The only thing that keeps it from being a perfect slingshot is it's metal construction. Cold weather could be an issue, and heat as well I guess, if you were dumb enough to leave it in the sun. This could certainly be alleviated with some cloth camouflage tape. Also of course, metal is easily found by customs, but I stay out of totalitarian countries(i.e., Australia)that don't allow them. In any event this "flaw" is certainly forgivable and I am in love with mine. In any event, for most of us these things are not an issue; I am trying to play the devil's advocate here with great difficulty. A G-10 version however, in my opinion, would be outstanding. A triple anodized version would be great as well, but I fear the cost of either would be foreboding.

A hidden feature is the Joker's "smile," you could cache one in your ruck and use the cavity between the forks for ammo storage. You would have to wrap this part with tape to achieve a container, but it could be done. Another possible option here is fitting a patched round ball in the hole at the base of the handle(no hole in this pic)for a single ball. You would simply push the ball through and load your pouch. The concept is similar to a loading block used for muzzle loading rifles http://www.huntingpa.info/2009/04/muzzleloader-building-a-round-ball-loading-block/. It will work for a .38 ball with the right size patch of cloth. It does have a higher price tag, but it's UK construction warrants this and can't be helped. Personally I think it is well worth the money. I highly recommend this shooter with full marks.
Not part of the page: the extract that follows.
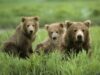 De Ziua Internationa a Biodiversitatii, Asociatia Ecosofia va invita la Gradina Zoologica din Bucuresti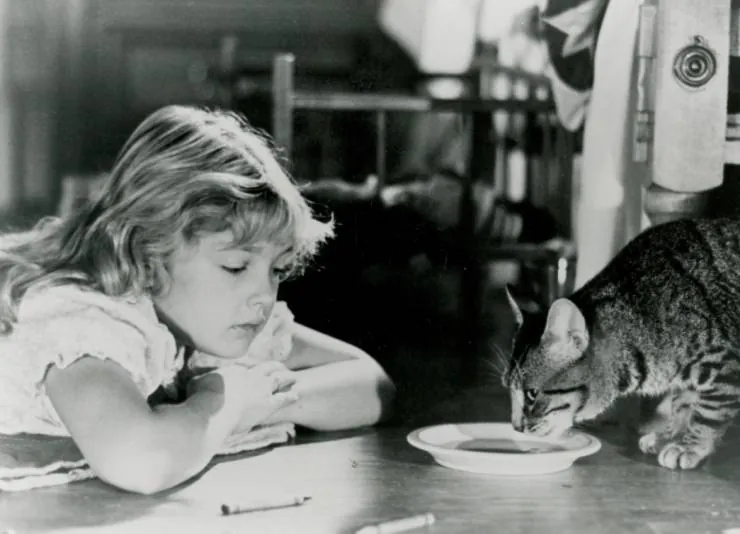 Кошачий глаз (1985) через торрент бесплатно Кошачий глаз (1985) фильм через торрент бесплатно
These factors aside, Pete Hogan is great guy to do business with. You will find he is quite approachable as well as kind. Furthermore, he is quite straightforward, you will find he does not mince words; a trait that I for one admire.


----------



## NoSugarRob (Jun 3, 2010)

I like this catty and Pete's reputation is solid. Support the good guys. its the right thing to do. http://milbroproshotuk.com/#


----------



## smitty (Dec 17, 2009)

Great Review Mrjoel .


----------



## Rayshot (Feb 1, 2010)

mr.joel said:


> This one is a winner. First and most importantly, it SHOOTS. The fork splay lends itself well to "target" or "sight" style shooting, flipping is not required to avoid fork hits. The handle, which looks similar to a Hunter Catapults Ergo II, is incredibly comfortable, in my hands, anyways. The forks are very comfortable, well thought out, and can be manipulated several ways. It's flat profile lends itself to easy carry, which adds value in term of the practical. I chose aluminum, for me light is right: I travel and have to consider weight in my possessions. Besides, that shiny brass begins to tarnish after a twelve click hike in a hot steamy jungle. I carry it in a Maxpedition Fatboy http://www.maxpediti...SIPACK-4p31.htm shoulder bag(yes, a MAN purse!) which is socially acceptable in Southeast Asia. I outfitted it with a concealment holster, which is just a loop sewn to a strip Velcroed inside a zippered pocket. The system works very well, the main pouch which fits a canteen perfectly is unaffected and can easily fit both. I don't notice the bulk or the weight, something I can't say about any other slingshot I have tried with this carry system.
> 
> The only thing that keeps it from being a perfect slingshot is it's metal construction. Cold weather could be an issue, and heat as well I guess, if you were dumb enough to leave it in the sun. This could certainly be alleviated with some cloth camouflage tape. Also of course, metal is easily found by customs, but I stay out of totalitarian countries(i.e., Australia)that don't allow them. In any event this "flaw" is certainly forgivable and I am in love with mine. In any event, for most of us these things are not an issue; I am trying to play the devil's advocate here with great difficulty. A G-10 version however, in my opinion, would be outstanding. A triple anodized version would be great as well, but I fear the cost of either would be foreboding.
> 
> ...


Good review.

I have to say I am a little torn on the G10 promo. I purchased a catty in G10 and let someone shoot with it. As a complete newbie he had a few fork hits and where it made impact on one spot it damaged it that the frayed material at the hit made me reconsider G10 since it leaves so rough and splintery edge. Not that it can't be smoothed but I was under the impression G10 was nearly bullet proof. Bummer for me as I paid for the G10 catty.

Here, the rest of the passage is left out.